(Records from a data collection)
____

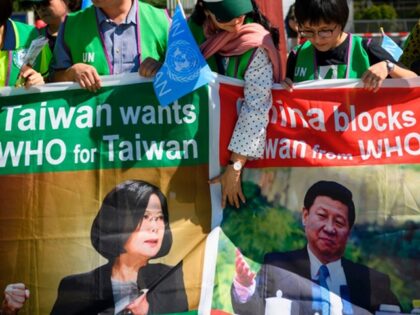 Pro-Taiwan protesters demonstrate outside of the United Nations offices on the opening day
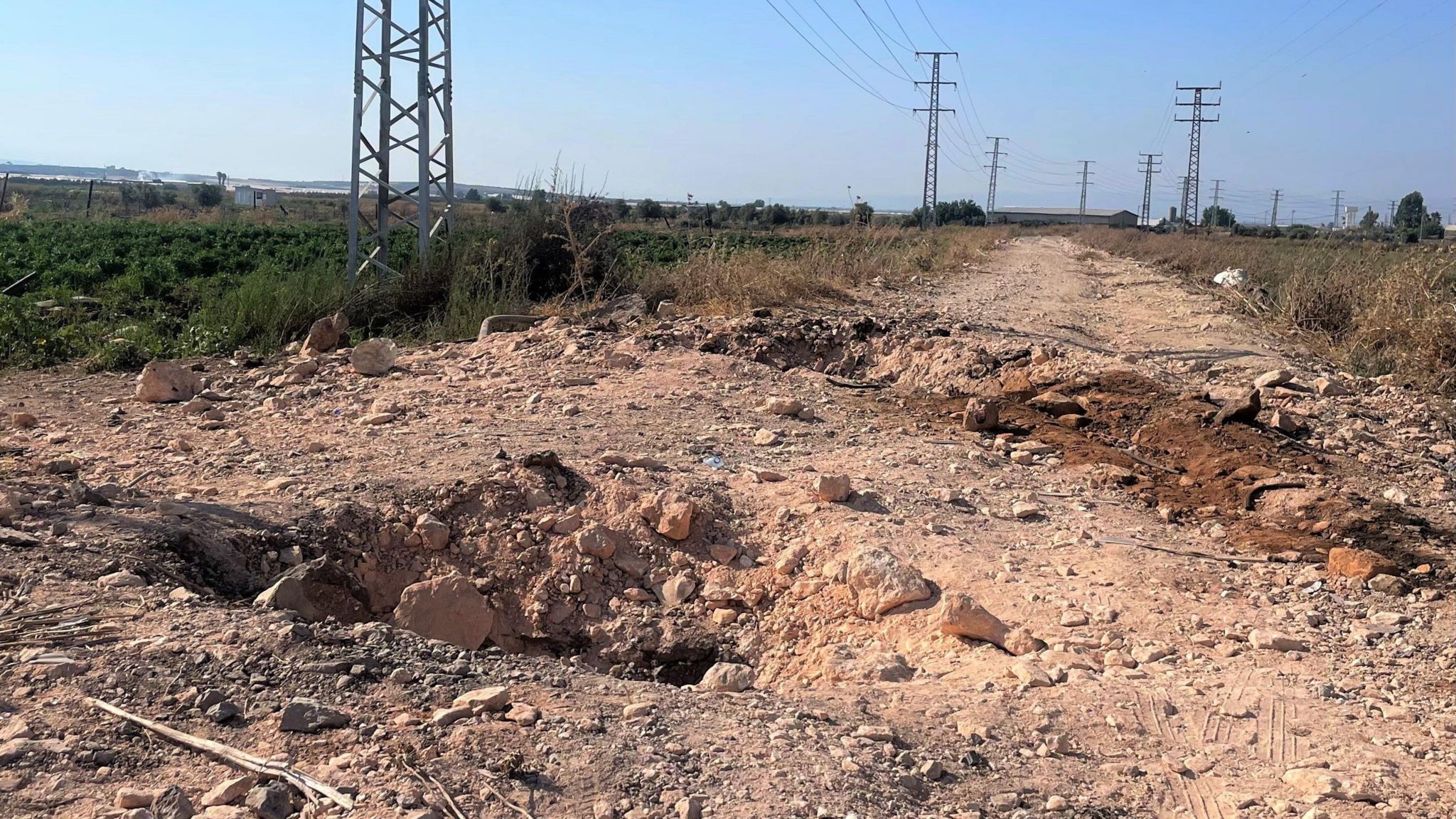 Craters from two bombs cut across a road near Jenin. The bombs hit two Israeli units.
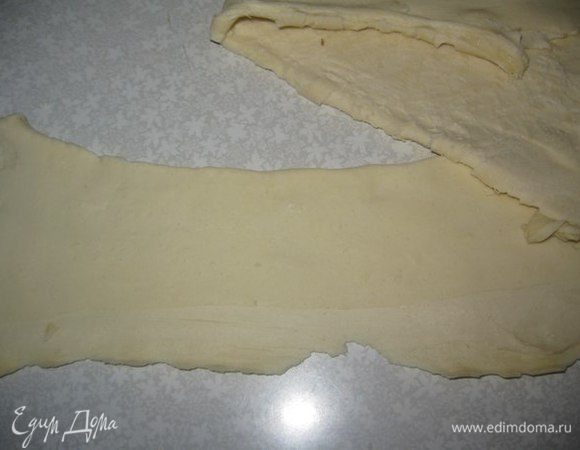 Тесто разморозить при комнатной температуре. Растянуть тесто руками в разные стороны, но не раскатывать. Разрезать на узкие полоски.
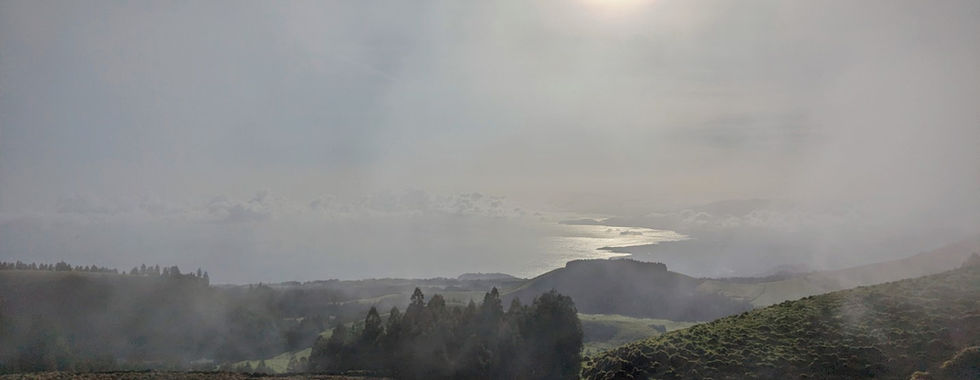 A sun rise over a misty mountain in Azores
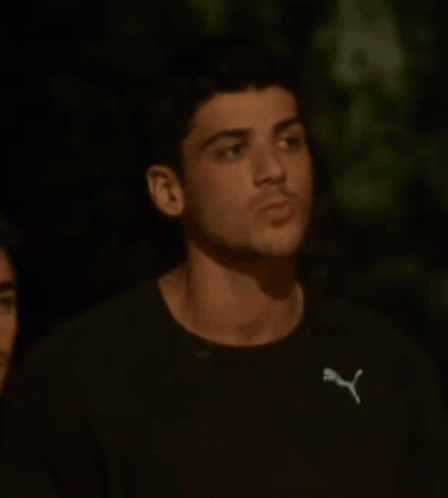 Young Man in Black Puma T-Shirt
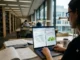 A woman with glasses sits at a library desk using a laptop that displays a split-screen view of a Plagiarism Checker (6% similarity) and an AI Content Detector (92% likely human written). Open notebooks and research papers sit on the table.
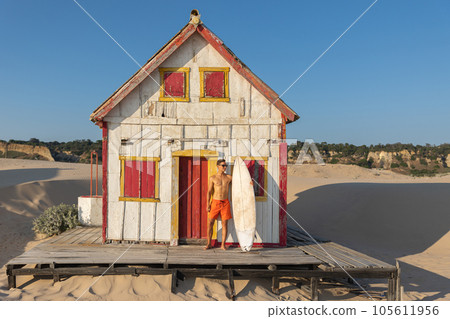 A man with nice athletic body standing at the old seaside house holding a surfboard 105611956
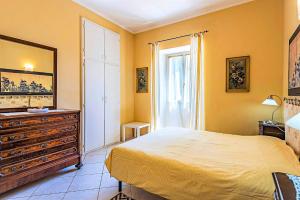 Postel nebo postele na pokoji v ubytování Palazzina GiardinoLago + 31 fotografií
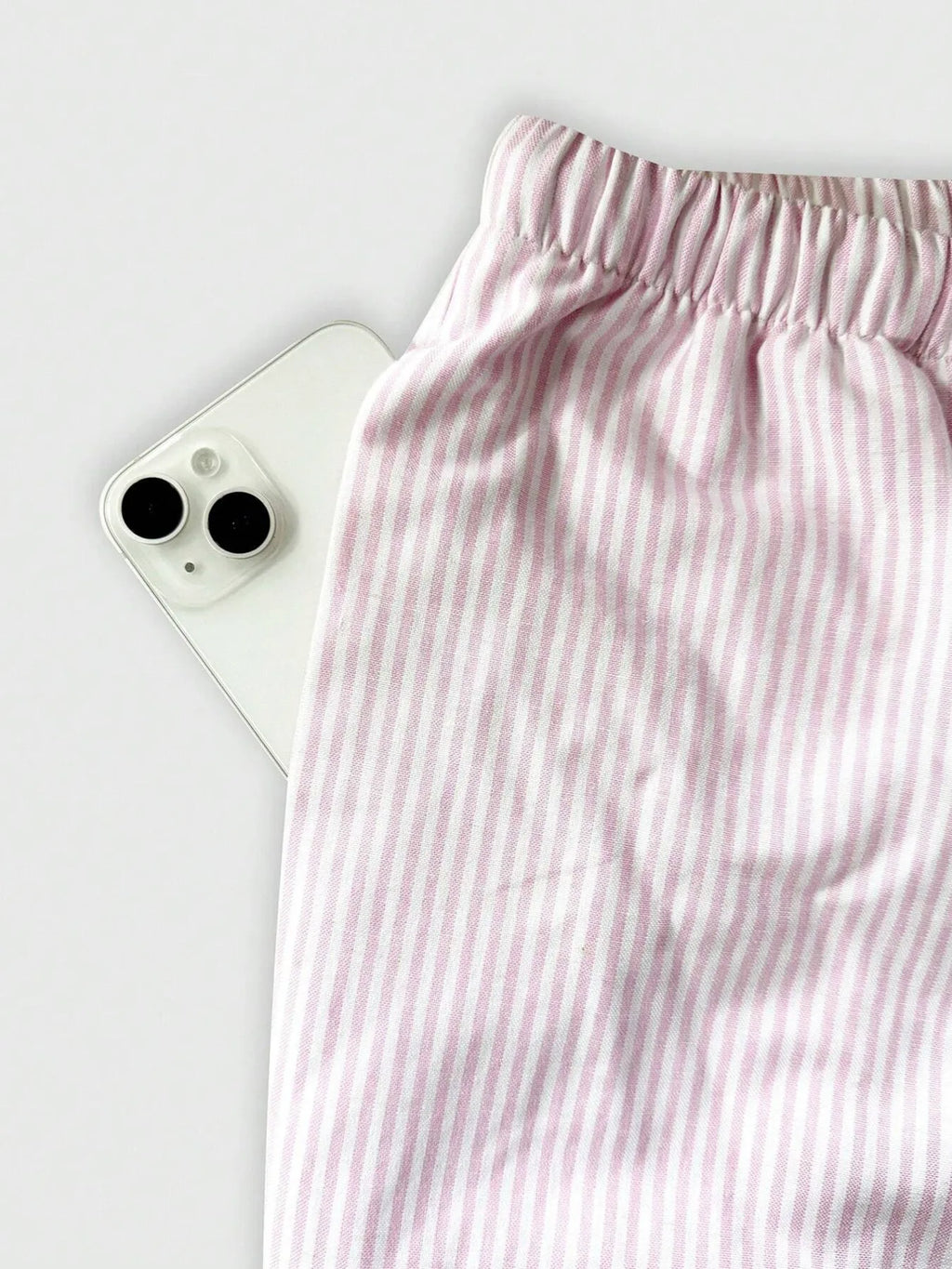 Dark pink striped pants side view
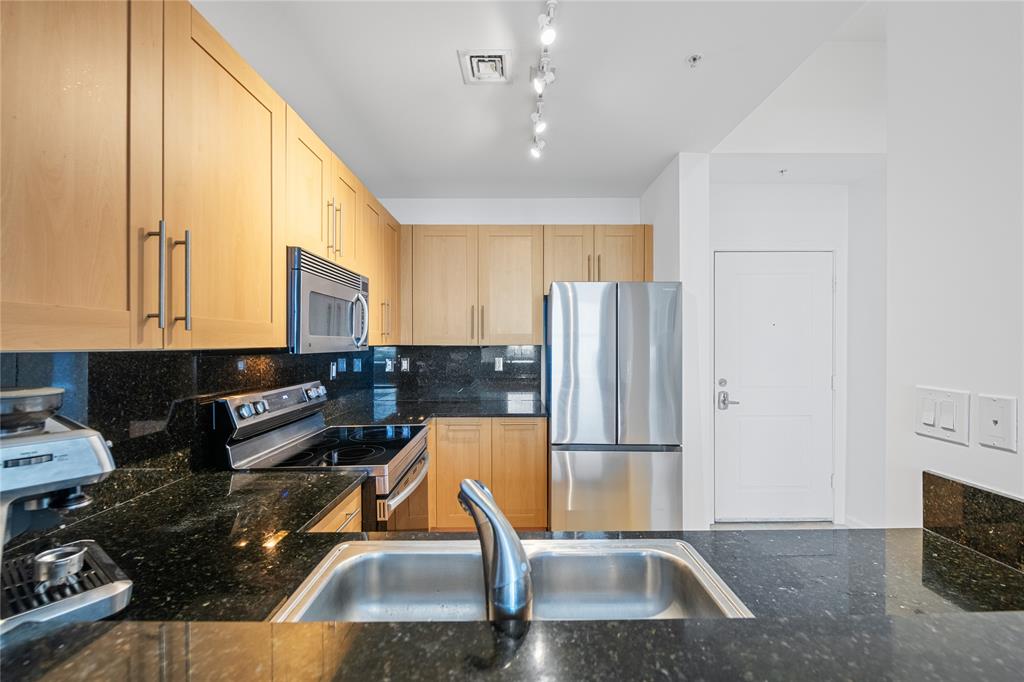 511 Southeast 5th Avenue, Unit 1906 Fort Lauderdale, FL 33301 - Photo 10 of 64 a kitchen with sink refrigerator and cabinets
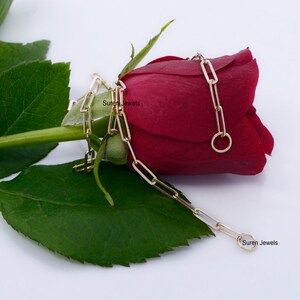 May include: A gold chain necklace with a rectangular link design. The chain is draped over a red rose bud. The text "Suren Jewels" appears twice in the image.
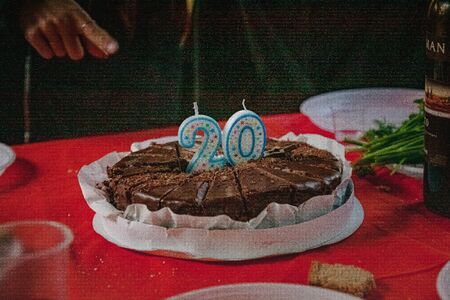 chocolate cake with candles 20 years on a red festive table.の写真素材
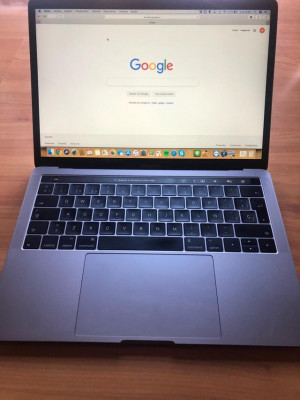 MacBook Pro 13” Touch Bar + Seguro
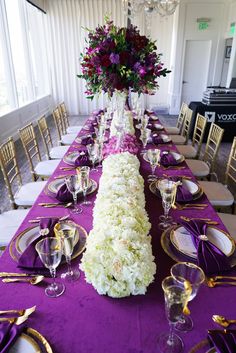 a long table is set with purple and white flowers, gold rimmed plates and silverware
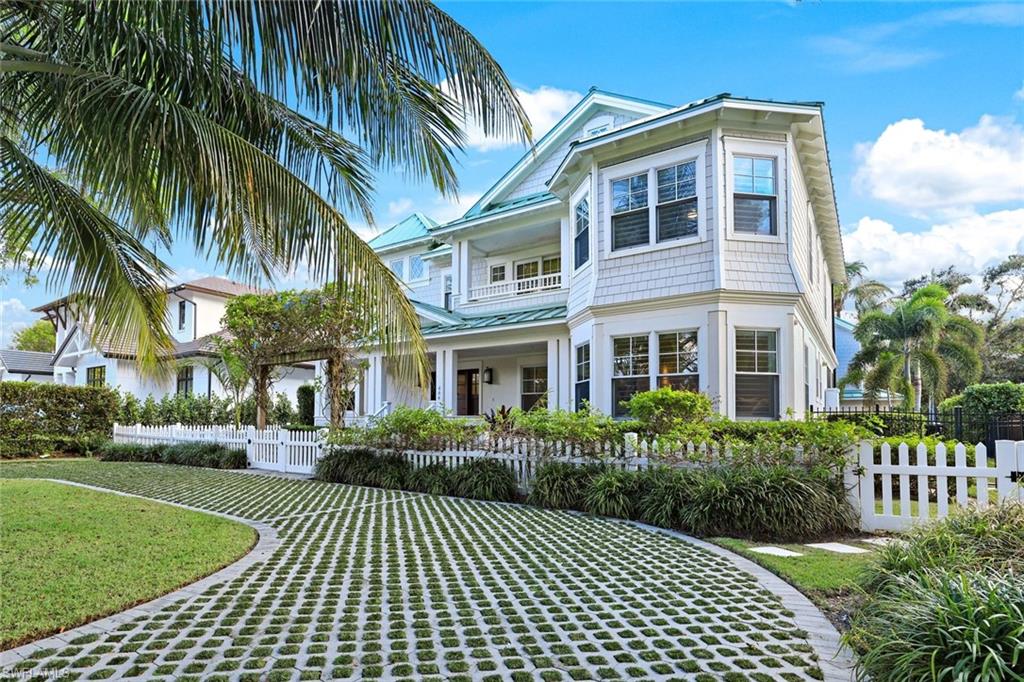 View of front of home featuring a balcony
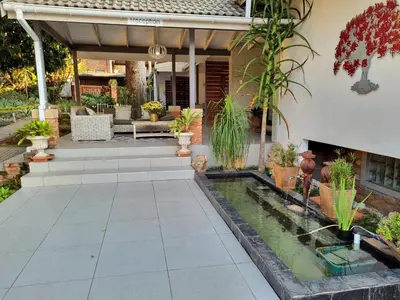 a patio with a pond in the middle of a house at The Coral Tree in Nelspruit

____

_What to work on_
An exact transcription is needed, covering the line with "A sun rise over a misty mountain in Azores" and every line after it to the end of the entries, but not the pictures.

_Reply_
 A sun rise over a misty mountain in Azores
 Young Man in Black Puma T-Shirt
 A woman with glasses sits at a library desk using a laptop that displays a split-screen view of a Plagiarism Checker (6% similarity) and an AI Content Detector (92% likely human written). Open notebooks and research papers sit on the table.
 A man with nice athletic body standing at the old seaside house holding a surfboard 105611956
 Postel nebo postele na pokoji v ubytování Palazzina GiardinoLago + 31 fotografií
 Dark pink striped pants side view
 511 Southeast 5th Avenue, Unit 1906 Fort Lauderdale, FL 33301 - Photo 10 of 64 a kitchen with sink refrigerator and cabinets
 May include: A gold chain necklace with a rectangular link design. The chain is draped over a red rose bud. The text "Suren Jewels" appears twice in the image.
 chocolate cake with candles 20 years on a red festive table.の写真素材
 MacBook Pro 13” Touch Bar + Seguro
 a long table is set with purple and white flowers, gold rimmed plates and silverware
 View of front of home featuring a balcony
 a patio with a pond in the middle of a house at The Coral Tree in Nelspruit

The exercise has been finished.